Moreng was stunned. She had been home for 10 days at the time of this writing. “I’m okay,” she said. “It’s getting a little easier.”

A graduate of Centre College in Danville, Kentucky where the emphasis is on becoming part of the global community, Moreng majored in international studies and got a taste of what Peace Corps service would be like when she spent time in Ghana working on a water filtration project during her college days. Right after she graduated, she entered the Peace Corps.

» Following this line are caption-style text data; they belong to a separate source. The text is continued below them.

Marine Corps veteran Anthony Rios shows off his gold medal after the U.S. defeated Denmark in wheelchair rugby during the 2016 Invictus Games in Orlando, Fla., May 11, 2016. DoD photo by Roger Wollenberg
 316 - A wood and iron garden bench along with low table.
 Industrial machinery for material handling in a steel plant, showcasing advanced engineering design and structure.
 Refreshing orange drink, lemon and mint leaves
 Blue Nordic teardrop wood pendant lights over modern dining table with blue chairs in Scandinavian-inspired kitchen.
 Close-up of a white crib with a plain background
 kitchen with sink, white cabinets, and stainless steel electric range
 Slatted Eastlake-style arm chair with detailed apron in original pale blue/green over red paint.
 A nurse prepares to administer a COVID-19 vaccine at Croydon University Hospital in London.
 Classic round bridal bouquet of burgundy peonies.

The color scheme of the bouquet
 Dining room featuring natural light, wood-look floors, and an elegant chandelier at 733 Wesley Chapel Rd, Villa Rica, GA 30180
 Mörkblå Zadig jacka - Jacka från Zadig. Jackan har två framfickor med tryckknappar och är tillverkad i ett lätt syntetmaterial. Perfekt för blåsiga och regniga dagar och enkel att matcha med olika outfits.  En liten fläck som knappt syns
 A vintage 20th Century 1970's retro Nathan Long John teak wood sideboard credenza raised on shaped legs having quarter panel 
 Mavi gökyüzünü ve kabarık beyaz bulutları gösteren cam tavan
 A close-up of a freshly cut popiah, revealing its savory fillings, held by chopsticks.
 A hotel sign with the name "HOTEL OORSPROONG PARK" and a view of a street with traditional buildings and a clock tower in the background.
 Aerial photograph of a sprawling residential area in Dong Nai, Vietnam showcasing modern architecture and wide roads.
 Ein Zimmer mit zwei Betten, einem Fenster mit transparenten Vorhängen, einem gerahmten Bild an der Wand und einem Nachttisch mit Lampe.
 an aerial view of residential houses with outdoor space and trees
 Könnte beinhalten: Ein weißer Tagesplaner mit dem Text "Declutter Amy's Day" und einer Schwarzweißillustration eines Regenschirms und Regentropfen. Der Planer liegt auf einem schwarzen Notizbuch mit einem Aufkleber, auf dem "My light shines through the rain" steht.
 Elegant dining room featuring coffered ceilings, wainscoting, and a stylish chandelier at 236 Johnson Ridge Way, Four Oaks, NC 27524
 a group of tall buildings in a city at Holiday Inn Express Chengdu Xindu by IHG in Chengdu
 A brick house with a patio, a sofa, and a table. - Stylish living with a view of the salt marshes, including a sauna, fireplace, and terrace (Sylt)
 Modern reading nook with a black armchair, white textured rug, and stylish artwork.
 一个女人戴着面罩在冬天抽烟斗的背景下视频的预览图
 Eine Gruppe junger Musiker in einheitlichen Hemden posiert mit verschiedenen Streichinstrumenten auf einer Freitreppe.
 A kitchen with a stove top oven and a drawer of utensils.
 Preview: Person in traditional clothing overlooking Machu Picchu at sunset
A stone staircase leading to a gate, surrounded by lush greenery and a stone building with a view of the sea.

As the time came to begin the first term of school during her second year in Beqa, she felt prepared and confident. “I had a plan for literacy and reading,” she explained. “I developed a reading tracker that had the kids writing small book reports after every book they read. Comprehension is a big issue here. The student with the most verified book reports was to be rewarded.” On a recent visit her dad had brought chocolate which she stashed away to give as the prize at the end of the term. But that never happened. When Moreng left, she gave the chocolate to a neighbor.

She had become deeply involved with the village she served. In addition to teaching in the kindergarten through eighth-grade school which served 60 students from two villages, she worked in the library, worked with a youth group, and conducted an island-wide women’s health workshop.

“It’s a patriarchal society,” Moreng said. “I became interested in empowering the women.” At the time of her departure, she was on the verge of getting a grant to support Pretty Taledi, (translates as talents) a group of single and young mothers, ages 17-52 she had formed. The grant was to establish an outlet for marketing their handmade crafts in Suva, the capital of the Fiji Islands.

Audrey’s last night in the village. Audrey and her boyfriend Bilo, are second and third from the left

Physically helping to reverse the erosion of the local seawall, damage related to climate change, was another of Moreng’s projects. Through all these efforts she endeared herself to the people of Beqa.

Moreng had come a long way from her first days on the island when, as the only Peace Corps volunteer on Beqa, she felt lonely. “Learning the language helped,” she said. Fijians speak three languages, Fijian, English and Fiji Hindi. At one time the islands were a British colony, accounting for the English language. As the days went by, Moreng began to feel at home on the island.

Her experience on New Year’s Day let her know for certain that she had become an accepted member of the community. Her friends shared drinks with her, then drenched her with water, then flour and water again, fulfilling an unlikely New Year’s tradition among them. Even more meaningful, Millah, her good friend and the wife of a teacher she worked with named her newborn daughter after her. “I now have a yaca, someone named after me,” she wrote home, expressing her pride in the honor she had received.

Moreng was so attached to the community that twice when cyclones were predicted and the Peace Corps ordered that she move to the safety of a hotel room on another island, she felt guilty. “It’s a terrible feeling to ditch your village when you hear a storm is coming,” she said.

Today she is grateful that she had a place and a family to come home to. She’s enjoying her family and little things like hot showers and catching up on favorite television programs. And soap. “It was not always accessible where I lived and that was a reminder to me to be thankful for it,” she said. These days she makes daily phone calls to her boyfriend Bilo, the person who took her under his wing and helped her to acclimate during her first days on the island.

Future plans are on hold for now. She remains passionate about empowering women and hopes to contribute to that effort in some meaningful way. While it doesn’t look likely that she will return to Beqa to complete her Peace Corps assignment, she will never forget her time there and the people she came to know and love on the little island.